* Task item
Please provide the entries below again, word for word.

* Record set
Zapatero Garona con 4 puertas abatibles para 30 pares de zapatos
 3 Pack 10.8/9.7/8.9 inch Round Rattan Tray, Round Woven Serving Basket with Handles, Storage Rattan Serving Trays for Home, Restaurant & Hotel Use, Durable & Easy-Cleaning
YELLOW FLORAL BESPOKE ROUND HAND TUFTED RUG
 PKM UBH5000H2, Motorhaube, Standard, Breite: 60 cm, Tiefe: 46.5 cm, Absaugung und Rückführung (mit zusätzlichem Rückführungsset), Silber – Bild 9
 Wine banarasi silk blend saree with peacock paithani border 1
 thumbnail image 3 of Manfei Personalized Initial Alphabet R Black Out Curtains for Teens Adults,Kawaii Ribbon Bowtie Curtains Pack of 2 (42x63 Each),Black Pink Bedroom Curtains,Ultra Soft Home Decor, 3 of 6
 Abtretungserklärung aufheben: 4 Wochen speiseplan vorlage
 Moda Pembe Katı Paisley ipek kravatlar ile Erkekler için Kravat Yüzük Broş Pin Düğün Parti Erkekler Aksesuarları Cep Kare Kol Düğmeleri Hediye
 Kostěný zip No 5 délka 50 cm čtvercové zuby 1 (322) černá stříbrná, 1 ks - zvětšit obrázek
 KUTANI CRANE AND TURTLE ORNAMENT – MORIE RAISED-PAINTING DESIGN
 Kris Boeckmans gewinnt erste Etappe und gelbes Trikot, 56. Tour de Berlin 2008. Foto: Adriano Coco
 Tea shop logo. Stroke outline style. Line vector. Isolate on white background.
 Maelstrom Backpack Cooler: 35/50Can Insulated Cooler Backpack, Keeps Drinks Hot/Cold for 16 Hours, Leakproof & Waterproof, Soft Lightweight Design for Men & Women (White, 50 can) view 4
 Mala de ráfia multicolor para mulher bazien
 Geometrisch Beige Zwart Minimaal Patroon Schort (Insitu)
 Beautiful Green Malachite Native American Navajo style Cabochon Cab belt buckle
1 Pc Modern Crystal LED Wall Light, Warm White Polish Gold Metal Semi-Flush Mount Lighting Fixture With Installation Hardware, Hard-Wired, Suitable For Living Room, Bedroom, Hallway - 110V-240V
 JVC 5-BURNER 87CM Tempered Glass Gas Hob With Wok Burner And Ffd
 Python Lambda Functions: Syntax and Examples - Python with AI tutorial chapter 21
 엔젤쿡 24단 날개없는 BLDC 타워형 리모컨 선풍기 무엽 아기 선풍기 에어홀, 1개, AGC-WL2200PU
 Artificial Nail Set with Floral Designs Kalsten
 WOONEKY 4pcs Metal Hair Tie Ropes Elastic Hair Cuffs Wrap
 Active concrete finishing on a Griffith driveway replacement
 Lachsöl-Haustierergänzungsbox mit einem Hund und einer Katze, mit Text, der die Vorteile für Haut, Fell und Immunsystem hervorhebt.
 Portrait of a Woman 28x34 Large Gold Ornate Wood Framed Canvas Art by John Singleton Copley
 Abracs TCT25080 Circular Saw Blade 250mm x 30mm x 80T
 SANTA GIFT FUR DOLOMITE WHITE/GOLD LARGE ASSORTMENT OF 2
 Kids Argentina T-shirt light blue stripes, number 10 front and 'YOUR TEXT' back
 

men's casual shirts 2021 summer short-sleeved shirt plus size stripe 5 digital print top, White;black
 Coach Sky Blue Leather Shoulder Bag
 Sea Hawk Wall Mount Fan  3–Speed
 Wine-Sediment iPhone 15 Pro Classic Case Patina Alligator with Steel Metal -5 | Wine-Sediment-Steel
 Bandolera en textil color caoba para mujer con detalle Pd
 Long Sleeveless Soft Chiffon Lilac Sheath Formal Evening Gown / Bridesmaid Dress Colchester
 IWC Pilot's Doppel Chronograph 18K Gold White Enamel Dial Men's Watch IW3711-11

* Output of the task
Zapatero Garona con 4 puertas abatibles para 30 pares de zapatos
 3 Pack 10.8/9.7/8.9 inch Round Rattan Tray, Round Woven Serving Basket with Handles, Storage Rattan Serving Trays for Home, Restaurant & Hotel Use, Durable & Easy-Cleaning
YELLOW FLORAL BESPOKE ROUND HAND TUFTED RUG
 PKM UBH5000H2, Motorhaube, Standard, Breite: 60 cm, Tiefe: 46.5 cm, Absaugung und Rückführung (mit zusätzlichem Rückführungsset), Silber – Bild 9
 Wine banarasi silk blend saree with peacock paithani border 1
 thumbnail image 3 of Manfei Personalized Initial Alphabet R Black Out Curtains for Teens Adults,Kawaii Ribbon Bowtie Curtains Pack of 2 (42x63 Each),Black Pink Bedroom Curtains,Ultra Soft Home Decor, 3 of 6
 Abtretungserklärung aufheben: 4 Wochen speiseplan vorlage
 Moda Pembe Katı Paisley ipek kravatlar ile Erkekler için Kravat Yüzük Broş Pin Düğün Parti Erkekler Aksesuarları Cep Kare Kol Düğmeleri Hediye
 Kostěný zip No 5 délka 50 cm čtvercové zuby 1 (322) černá stříbrná, 1 ks - zvětšit obrázek
 KUTANI CRANE AND TURTLE ORNAMENT – MORIE RAISED-PAINTING DESIGN
 Kris Boeckmans gewinnt erste Etappe und gelbes Trikot, 56. Tour de Berlin 2008. Foto: Adriano Coco
 Tea shop logo. Stroke outline style. Line vector. Isolate on white background.
 Maelstrom Backpack Cooler: 35/50Can Insulated Cooler Backpack, Keeps Drinks Hot/Cold for 16 Hours, Leakproof & Waterproof, Soft Lightweight Design for Men & Women (White, 50 can) view 4
 Mala de ráfia multicolor para mulher bazien
 Geometrisch Beige Zwart Minimaal Patroon Schort (Insitu)
 Beautiful Green Malachite Native American Navajo style Cabochon Cab belt buckle
1 Pc Modern Crystal LED Wall Light, Warm White Polish Gold Metal Semi-Flush Mount Lighting Fixture With Installation Hardware, Hard-Wired, Suitable For Living Room, Bedroom, Hallway - 110V-240V
 JVC 5-BURNER 87CM Tempered Glass Gas Hob With Wok Burner And Ffd
 Python Lambda Functions: Syntax and Examples - Python with AI tutorial chapter 21
 엔젤쿡 24단 날개없는 BLDC 타워형 리모컨 선풍기 무엽 아기 선풍기 에어홀, 1개, AGC-WL2200PU
 Artificial Nail Set with Floral Designs Kalsten
 WOONEKY 4pcs Metal Hair Tie Ropes Elastic Hair Cuffs Wrap
 Active concrete finishing on a Griffith driveway replacement
 Lachsöl-Haustierergänzungsbox mit einem Hund und einer Katze, mit Text, der die Vorteile für Haut, Fell und Immunsystem hervorhebt.
 Portrait of a Woman 28x34 Large Gold Ornate Wood Framed Canvas Art by John Singleton Copley
 Abracs TCT25080 Circular Saw Blade 250mm x 30mm x 80T
 SANTA GIFT FUR DOLOMITE WHITE/GOLD LARGE ASSORTMENT OF 2
 Kids Argentina T-shirt light blue stripes, number 10 front and 'YOUR TEXT' back
 

men's casual shirts 2021 summer short-sleeved shirt plus size stripe 5 digital print top, White;black
 Coach Sky Blue Leather Shoulder Bag
 Sea Hawk Wall Mount Fan  3–Speed
 Wine-Sediment iPhone 15 Pro Classic Case Patina Alligator with Steel Metal -5 | Wine-Sediment-Steel
 Bandolera en textil color caoba para mujer con detalle Pd
 Long Sleeveless Soft Chiffon Lilac Sheath Formal Evening Gown / Bridesmaid Dress Colchester
 IWC Pilot's Doppel Chronograph 18K Gold White Enamel Dial Men's Watch IW3711-11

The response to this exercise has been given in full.